David Cameron this week announced he would hold a referendum on anything that moves in Europe, Ben Bradshaw believes not having a referendum on electoral reform would be a
"missed opportunity" and there have been
a few referendums on gay marriage in the USA (with an unfortunate but wholly expected result in Maine).
But it is the promise of never-endums on Europe and the Conservatives' general stance on the EU that I think deserves a closer look, particularly from a Scottish angle.
The Tory leader's decision not to hold a referendum on the wider question of the UK's relationship with the EU has horrified some members of his party with Dan Hannan mercifully exiting the scene (stage right, of course). Bizarrely, the lack of a referendum has encouraged Labour politicians to criticise the stance taken by Cameron.
Miliband's quote from yesterday (shown below) was eyebrow-raisingly childish for a man aiming to hold the prestigious office of 'High Representative' within the EU, not to mention hypocritical given his party's shocking U-Turn on an EU Referendum despite their 2005 manifesto commitment:
"British people now know what to expect when they hear a cast-iron guarantee from David Cameron on Europe: nothing. "This is not about taking back powers from Europe; it is about transferring power to the Eurosceptics on his backbenches." A bit petty I reckon, certainly from the Richard Baker book of political retorts rather than the reasoned, intelligent synopsis of one of our country's greatest minds, which a Foreign Secretary should ideally be.
In terms of what Cameron will do, I suspect the Sovereignty Bill will ultimately be as successful as the USA's much-maligned
Patriot Act. Similarly knee-jerk, similarly over-reaching and similarly needlessly meddlesome.
The Tories are going to protect Britain's constitution from European influence seemingly irrespective of one tiny, insignificant detail - We don't actually have a constitution.
With this proposed Bill, there are unavoidable constitutional questions to be raised. How will the Scottish people (a relatively strong pro-EU bloc as poll after poll has shown) feel about a Tory Government with only a few MPs from Scotland bringing in a Sovereignty Bill that includes Scotland and makes us second class in Europe? On the outside looking in once again?

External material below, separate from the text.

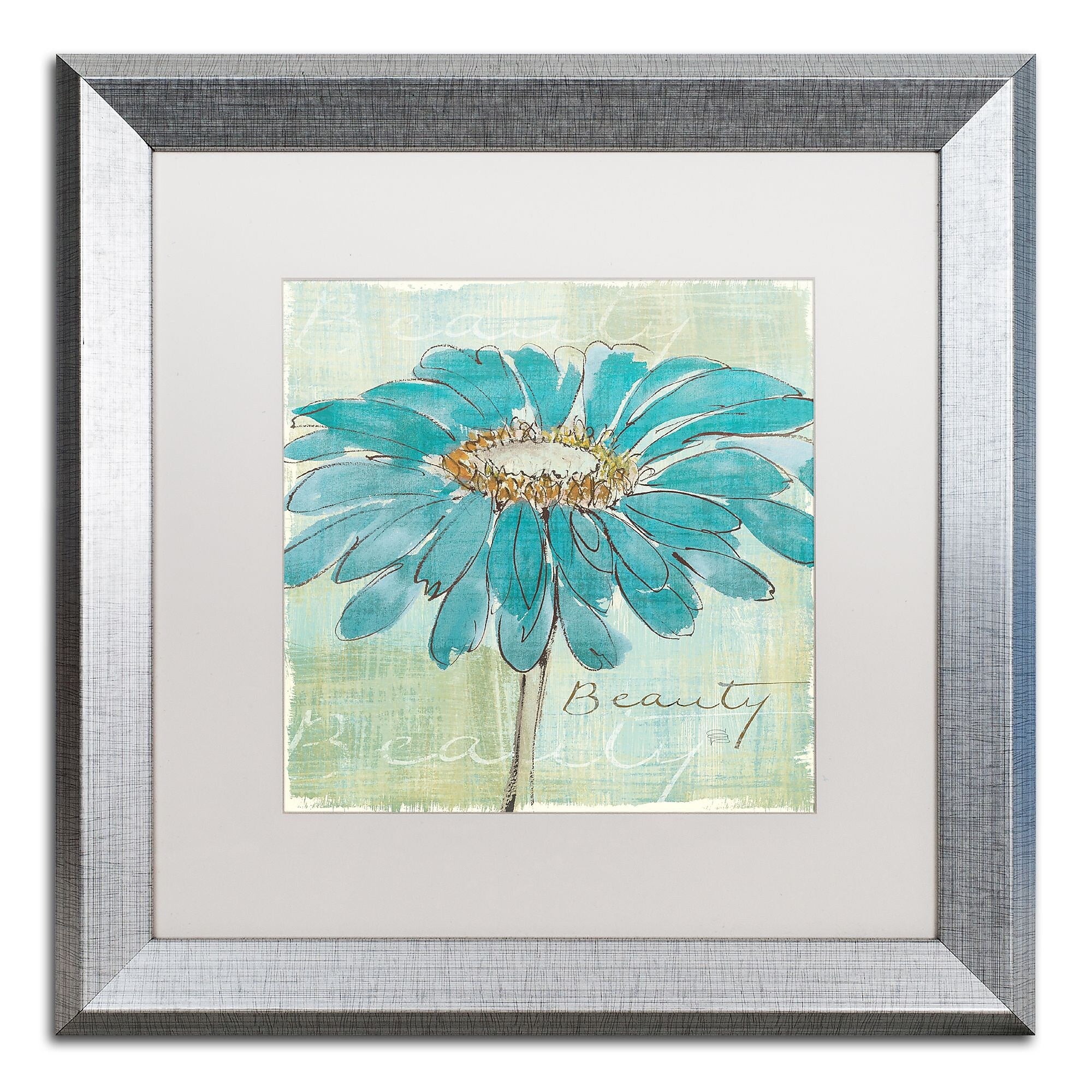 Trademark Fine Art ''Spa Daisies I'' by Chris Paschke 16" x 16" White Matted Silver Frame (WAP0055-S1616MF)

We should be driving the agenda in Europe not, as Eddie Izzard amusingly puts it, cleaning the windows. The British great and the good have this superior mindset where they think that if we don't get Blair in as EU President then we should at least get Miliband as High Representative, as a consolation prize. We used to rule the world don't you know.
We can't sit outside the Eurozone, have a ruling party in a mad, fringe, right-wing Parliament grouping and expect the EU to take us seriously. The current EU President, Sweden's Fredrik Reinfeldt,
said:
"I hope he (Cameron) will feel comfortable in working with other European leaders. He will need us. To address this issue he needs European leadership, not only British leadership." but it's patently not the case.

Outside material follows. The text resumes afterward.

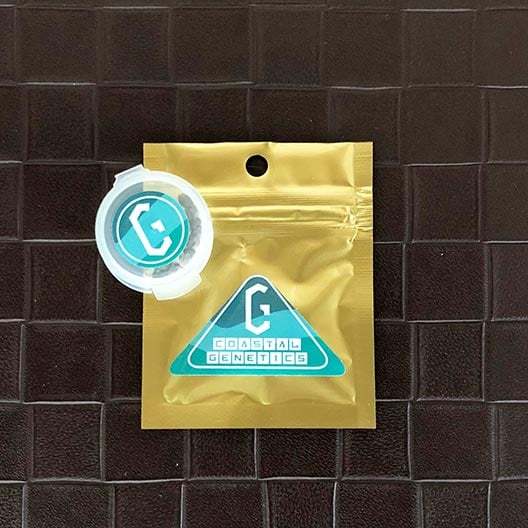 Get-Best-Feminized-Marijuana-Seeds-Mimosa-Orange-Punch-Seeds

Cameron is distinctly uneasy about working with European leaders. You can barely fit a rizla between Reinfeldt and Cameron on domestic and foreign policy and yet their parties sit in separate European groupings, to the Tories' detriment. Such misguided logic regarding the EU is what we have to expect for perhaps a generation to come.
European solitude is the future we are headed towards under a Tory Government and Cameron's Sovereignty Bill will rubberstamp our pariah status within the EU.
Furthermore, if this Bill will ensure the primacy of Westminster, will there be an impact on Holyrood? It is necessary for the Scottish Parliament to be answerable to Westminster, that is the nature of devolution after all, but there is an opportunity here for Cameron to belittle the Scottish Parliament by artificially inflating the prestige of Westminster.
So what if the Scottish Government were to introduce its own variation of a Sovereignty Bill? Yes, a non-sovereign nation bringing in a sovereignty bill.
Crazy? Perhaps, but the State of Oklahoma has brought in
exactly that, a Sovereignty Bill to fend off the unwanted reach of the Federal Government.
So what if the Scottish Government was to introduce a 'Claim of Right Bill', confirming that the Scottish Parliament would always consider the interests of the Scottish people "paramount". How could all 129 MSPs not sign up to such a notion? Gordon Brown has
already signed up to it in 1989.
Wording of the
Claim of Right includes:
We, gathered as the Scottish Constitutional Convention, do hereby acknowledge the sovereign right of the Scottish people to determine the form of Government best suited to their needs, and do hereby declare and pledge that in all our actions and deliberations their interests shall be paramount.It would of course be a political ploy from the SNP to raise 'the sovereign right of the Scottish people' while Cameron is defending the 'UK rights of UK people'. But what a ploy. Nationalists would be seeking to exacerbate the West Lothian question, faint anti-Scottish grievance down south and also crucially make Scots think about how they want to be represented, at home and abroad, and by whom.
David Cameron passing a Sovereignty Bill when he does not have a satisfactory mandate to govern Scotland and is opposed by a Scottish Government that has a very different idea of how sovereignty should be will make for a very interesting scenario indeed.